Twitter is about to get its third CFO in a bit less than two years. It had a former consultant, swapped him out for an accountant, and is now going try its luck with a banker. Twitter announced today that its current CFO, Mike Gupta—a certified accountant who worked as an auditor at KPMG and in finance roles at Yahoo and Zynga—will lead “strategic investments” at the firm, freeing up the finance post for Anthony Noto after only a year and a half in the role.
Noto, a former Goldman Sachs dealmaker, is no stranger to Twitter. He was the lead banker on Twitter’s blockbuster IPO in November last year, when shares jumped by more than 70% on their first day of trading. It hasn’t been such a smooth ride since then, with the company’s share price down by more than 30% so far this year. Stiff competition, sluggish user growth, and worries about profitability are behind the slide, as well as the recent management reshuffle.
The finance role at the social media company is starting to resemble a poisoned chalice, albeit a gilded one—Gupta made $25 million last year, and incoming finance chief Anthony Noto will receive stock and options worth more than $80 million. But with the euphoria of the IPO long past, the hard reality of showing progress from quarter to quarter has set in. What sort of company does Twitter want to be? The CFO merry-go-round provides some clues.

Called to account

Noto has some CFO experience, as finance chief of the National Football League for nearly three years between stints at Goldman. It was a high-profile job, to be sure, but it’s also worth noting that the NFL is technically a non-profit organization. The daily grind of running the finance function at a prominent listed company like Twitter is a different sort of proposition. Former bankers who become corporate CFOs have a mixed record, as one headhunter told me:
Investment bankers who have sold to CFOs, treasurers and other executives all think they can be CFOs. They’ll call me and say so. They are very smart, but it’s presumptuous because they don’t have the operational experience.
Another job of the CFO is sweet-talking investors.
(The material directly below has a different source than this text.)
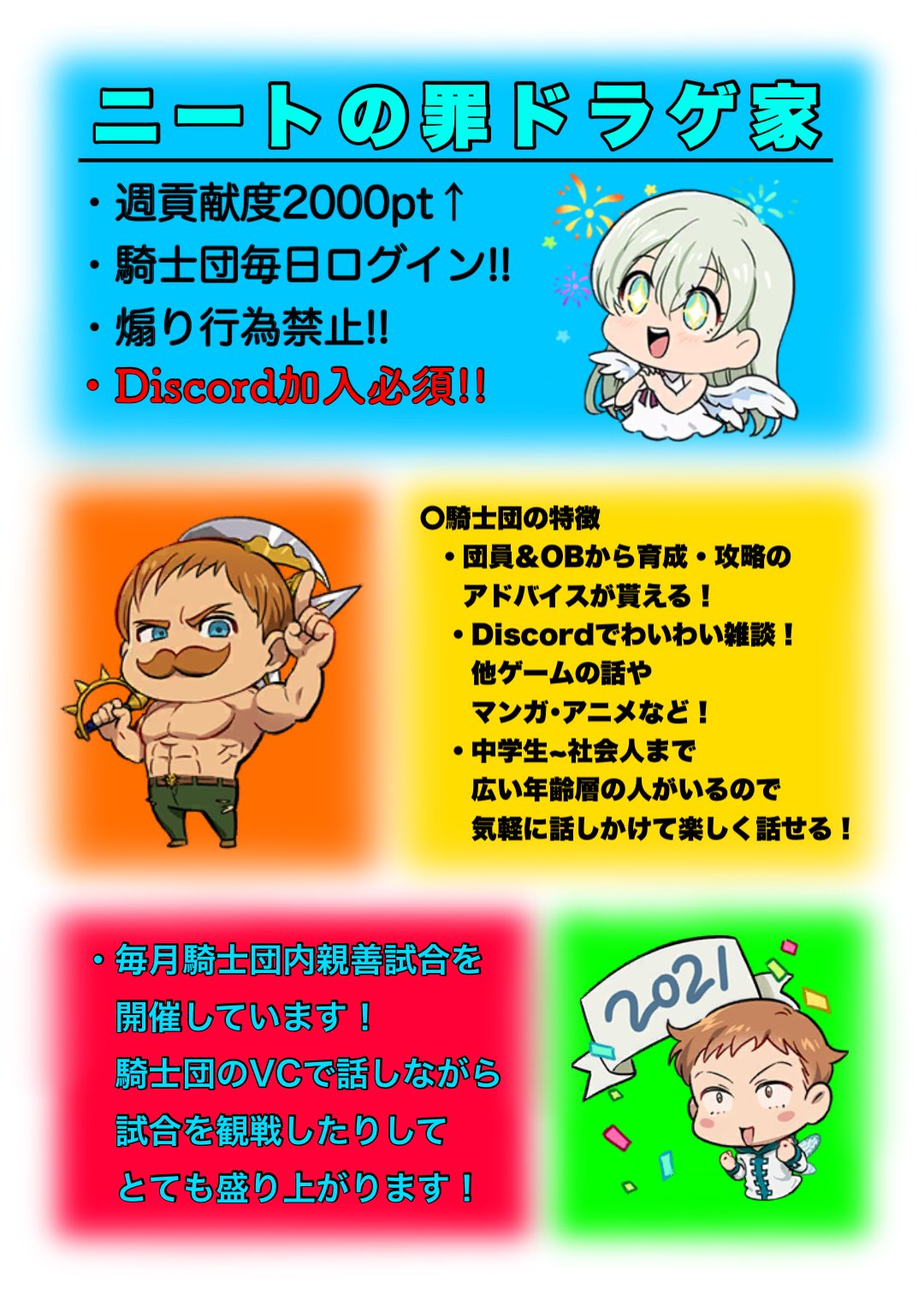 Eita ニートの罪ドラゲ家2枠募集中です 貼ってある写真のルールを守れる モチベの高い方ゲーム名と 闘級登録画面を添えてdmまで お越しください ﾍﾟｺｯ まったりギルドですので ゆっくりゲームを楽しんで 楽しくお話しましょう Doratyan9372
Noto was able to get them on board for Twitter’s well-received IPO. But Gupta was no slouch in  that department either, winning plaudits as the “architect” of the listing (paywall). So it’s not as if Twitter is upgrading to a CFO with markedly better powers of persuasion. And no amount of Goldman-honed smooth talking can distract investors from the worrying trends in Twitter’s financial statements.
But in addition to their investor-relations acumen, the thing that bankers-turned-CFOs bring to a company is deal experience. This is a particularly intriguing subplot to Noto’s appointment. Twitter is already an acquisitive company, but putting a former banker in charge of the checkbook could signal more deals in the future. And Gupta’s “strategic investments” job is one that didn’t exist before.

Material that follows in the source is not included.